High triplet energy host material with a 1,3,5-oxadiazine core from a one-step interrupted Fischer indolization

Abstract

Energy-efficient and deep-blue organic light-emitting diode (OLED) with long operating stability remains a key challenge to enable a disruptive change in OLED display and lighting technology. Part of the challenge is associated with a very narrow choice of the robust host materials having over 3 eV triplet energy level to facilitate efficient deep-blue emission and deliver excellent performance in the OLED device. Here we show the molecular design of new 1,3,5-oxadiazines (NON)-host materials with high triplet energy over 3.2 eV, enabling deep-blue OLED devices with a peak external quantum efficiency of 21%. A series of NON-host materials are prepared by the condensation of substituted arylhydrazines and cyclohexylcarbaldehyde in a 2:3 ratio.
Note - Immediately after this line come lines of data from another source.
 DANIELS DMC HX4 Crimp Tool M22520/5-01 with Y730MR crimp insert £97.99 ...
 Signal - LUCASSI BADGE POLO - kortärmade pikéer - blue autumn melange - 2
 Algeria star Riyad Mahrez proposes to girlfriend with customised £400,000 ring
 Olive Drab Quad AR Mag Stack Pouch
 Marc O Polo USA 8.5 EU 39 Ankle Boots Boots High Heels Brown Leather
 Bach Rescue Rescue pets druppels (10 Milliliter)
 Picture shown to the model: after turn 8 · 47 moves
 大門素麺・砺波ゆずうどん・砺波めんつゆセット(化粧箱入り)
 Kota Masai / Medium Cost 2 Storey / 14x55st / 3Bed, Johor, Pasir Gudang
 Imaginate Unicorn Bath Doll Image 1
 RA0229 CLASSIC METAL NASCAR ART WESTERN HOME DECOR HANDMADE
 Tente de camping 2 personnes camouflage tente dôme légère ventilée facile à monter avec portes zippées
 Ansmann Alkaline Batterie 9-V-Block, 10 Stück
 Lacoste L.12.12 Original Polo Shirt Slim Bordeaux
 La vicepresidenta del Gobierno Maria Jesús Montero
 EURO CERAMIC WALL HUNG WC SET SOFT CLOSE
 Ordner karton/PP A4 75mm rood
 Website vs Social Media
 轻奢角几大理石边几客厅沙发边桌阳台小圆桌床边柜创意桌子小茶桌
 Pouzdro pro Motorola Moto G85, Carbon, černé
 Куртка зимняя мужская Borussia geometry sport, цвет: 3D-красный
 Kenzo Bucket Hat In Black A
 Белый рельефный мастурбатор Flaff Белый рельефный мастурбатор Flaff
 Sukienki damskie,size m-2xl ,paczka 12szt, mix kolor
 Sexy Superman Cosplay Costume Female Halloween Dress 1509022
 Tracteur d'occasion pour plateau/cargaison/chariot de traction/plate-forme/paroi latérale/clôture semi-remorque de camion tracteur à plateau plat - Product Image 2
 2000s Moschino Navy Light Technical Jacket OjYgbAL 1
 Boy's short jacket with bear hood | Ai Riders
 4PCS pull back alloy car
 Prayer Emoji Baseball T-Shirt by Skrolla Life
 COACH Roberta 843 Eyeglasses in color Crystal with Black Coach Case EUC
This straightforward “one-pot” procedure enables the formation of indoline-containing derivatives with three fused heterocyclic rings and two stereogenic centres. All materials emit UV-fluorescence in the range of 315–338 nm while possessing highly desirable characteristics for application in deep-blue OLED devices: good thermal stability, a wide energy gap (3.9 eV), a high triplet energy level of (3.3 eV), and excellent volatility during sublimation. Diluting phosphorescent and thermally activated delayed fluorescence emitter molecules in solid-state host matrices has proven to be a useful strategy to hinder self-quenching mechanisms, but host materials must meet several criteria to enable energy efficient and stable OLEDs. Here, the authors report the synthesis of a series of 1,3,5-oxadiazines from a one-pot interrupted Fischer indolization, and demonstrate that they possess highly desirable characteristics as host materials in deep-blue OLED devices.